### Problem to work on
Here is the task for the listing below: output exactly the lines from the one containing "Used 2022 Toyota" through the one containing "2nd image of 14762 Grand Central Pkwy #1", and leave out the pictures.

### Information shown
:::::
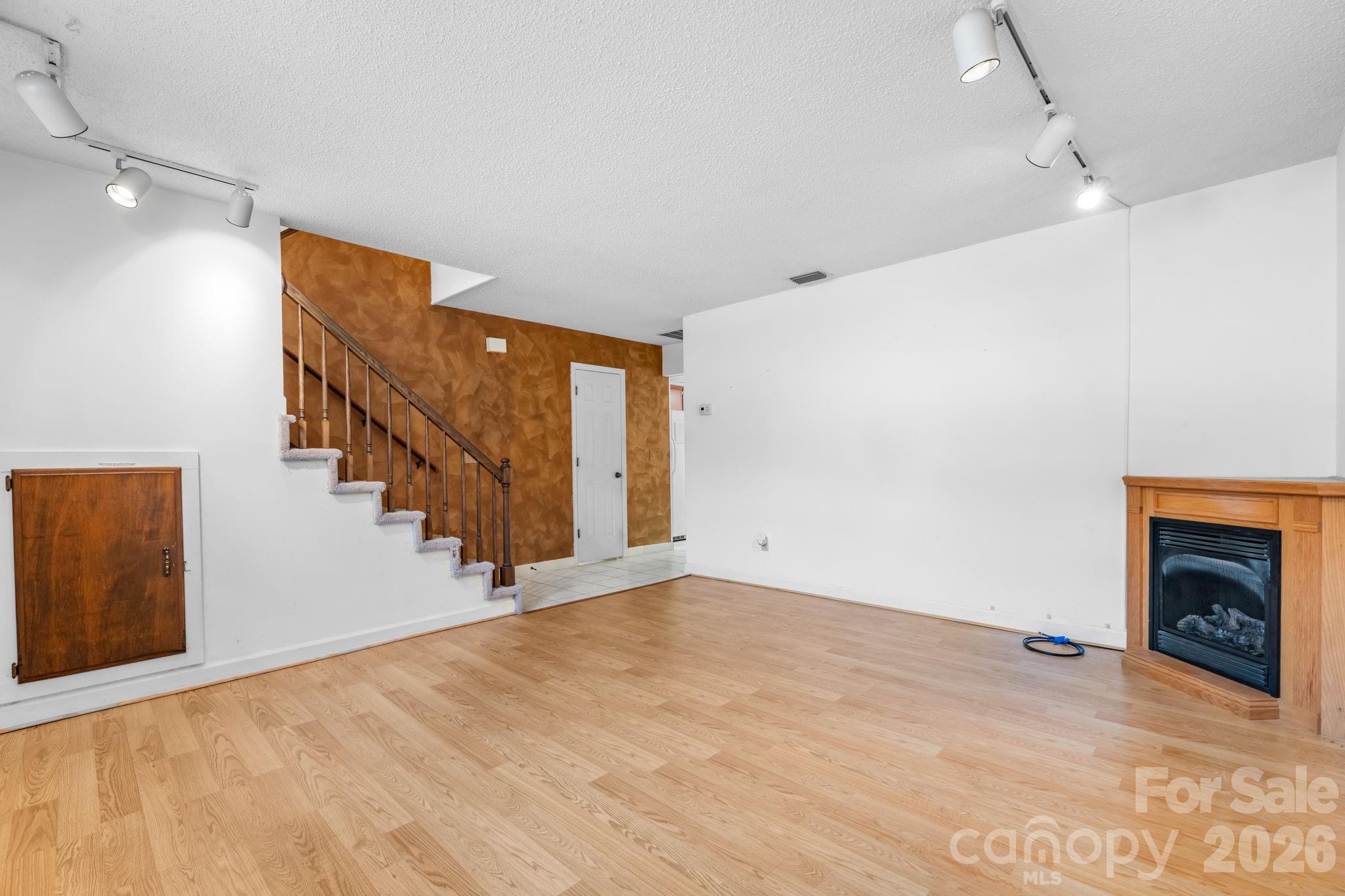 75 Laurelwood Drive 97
:::::
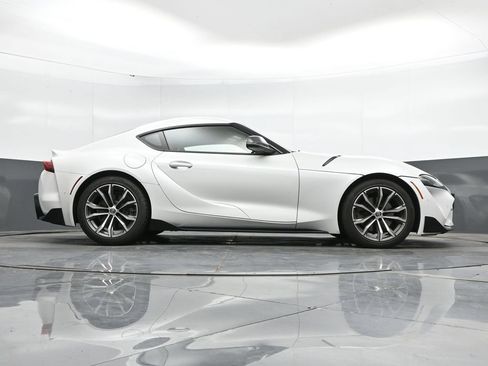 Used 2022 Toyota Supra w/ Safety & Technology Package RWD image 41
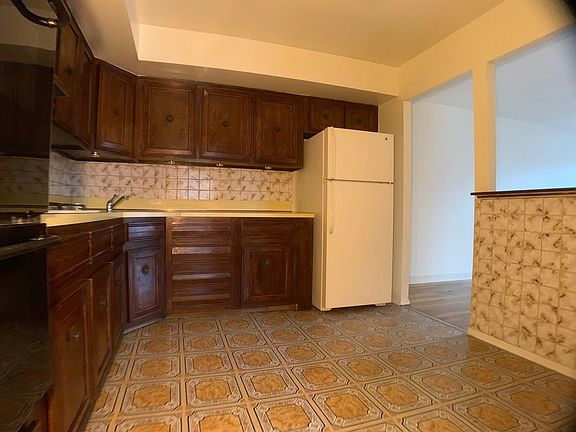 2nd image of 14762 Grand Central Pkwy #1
:::::
### Answer section
 Used 2022 Toyota Supra w/ Safety & Technology Package RWD image 41
 2nd image of 14762 Grand Central Pkwy #1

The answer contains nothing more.